### Supplied material
↓

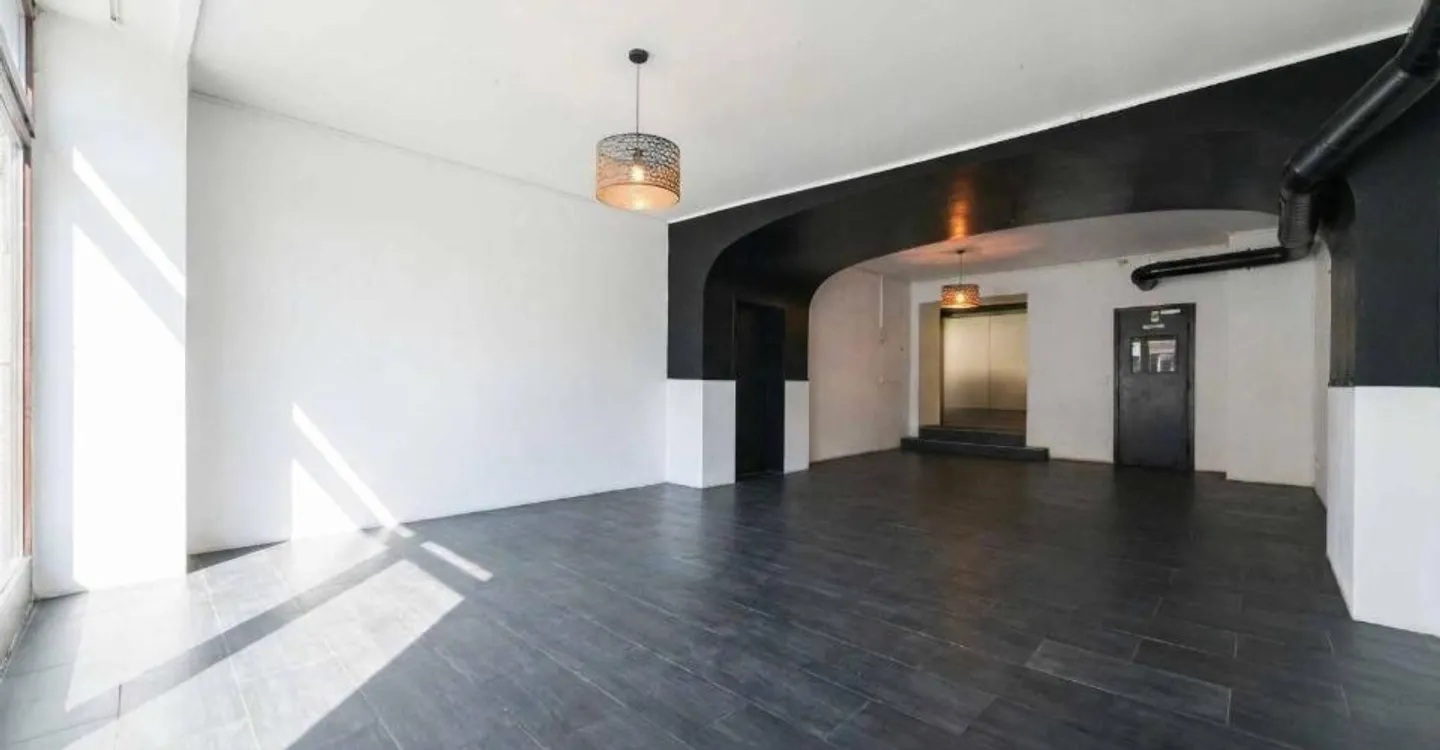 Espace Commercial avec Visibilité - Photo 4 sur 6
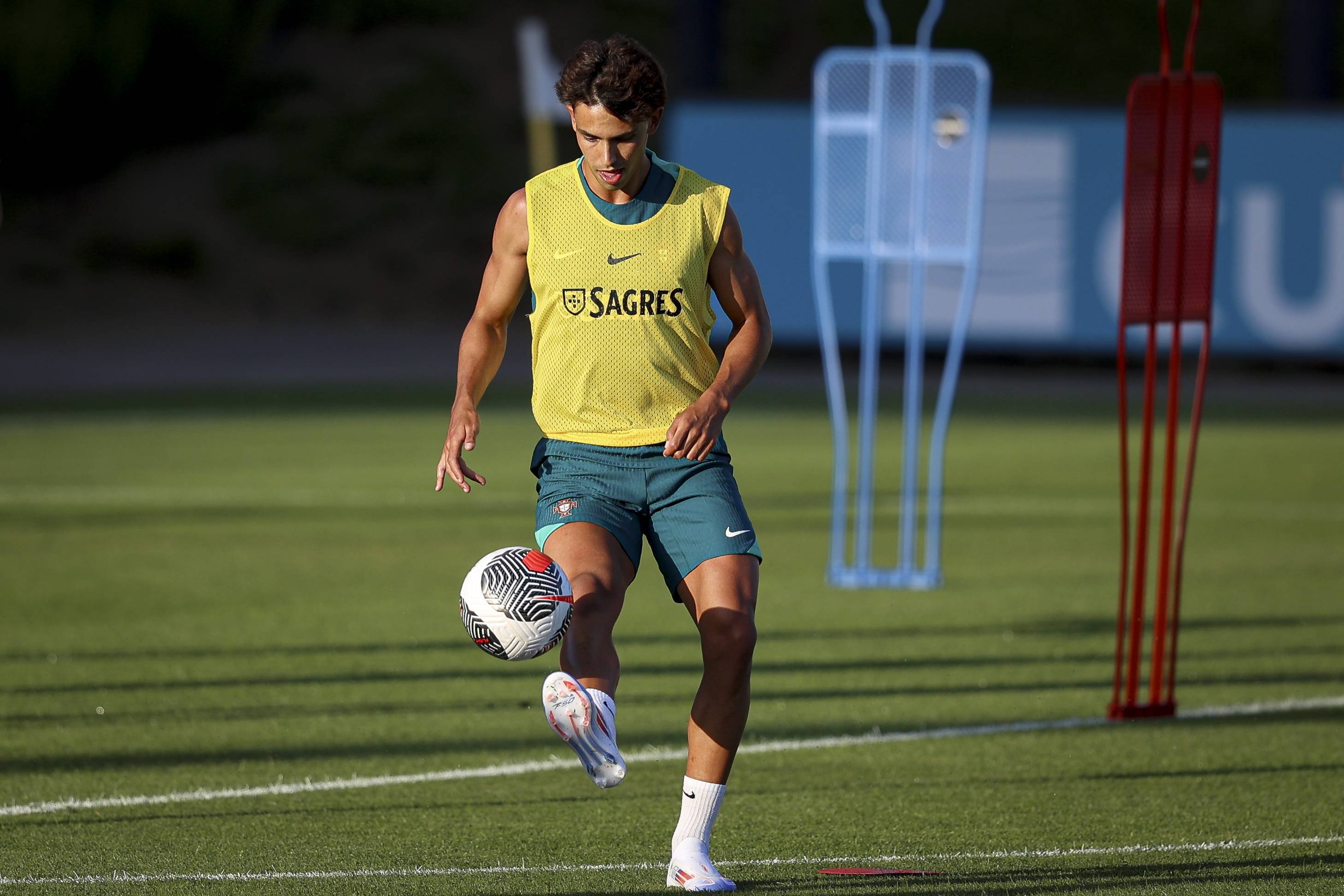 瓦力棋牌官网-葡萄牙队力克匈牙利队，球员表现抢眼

↑
↓

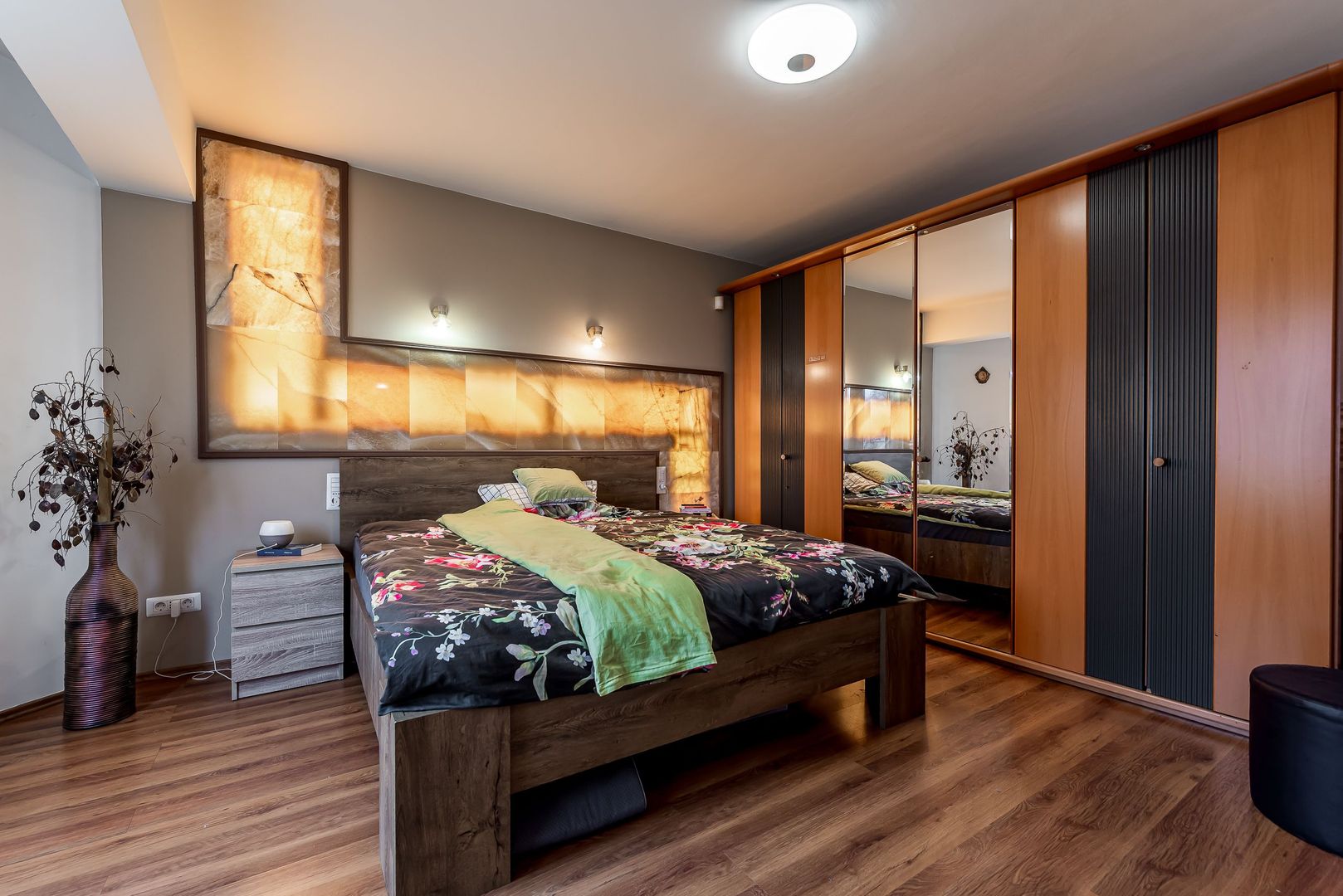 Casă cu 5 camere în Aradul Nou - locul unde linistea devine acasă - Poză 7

↑

### About this exercise
Word for word, write out the lines above running from the one with "Espace Commercial avec" up to and including the one with "瓦力棋牌官网-葡萄牙队力克匈牙利队，球员表现抢眼". Drop any picture.

### Expected answer
 Espace Commercial avec Visibilité - Photo 4 sur 6
 瓦力棋牌官网-葡萄牙队力克匈牙利队，球员表现抢眼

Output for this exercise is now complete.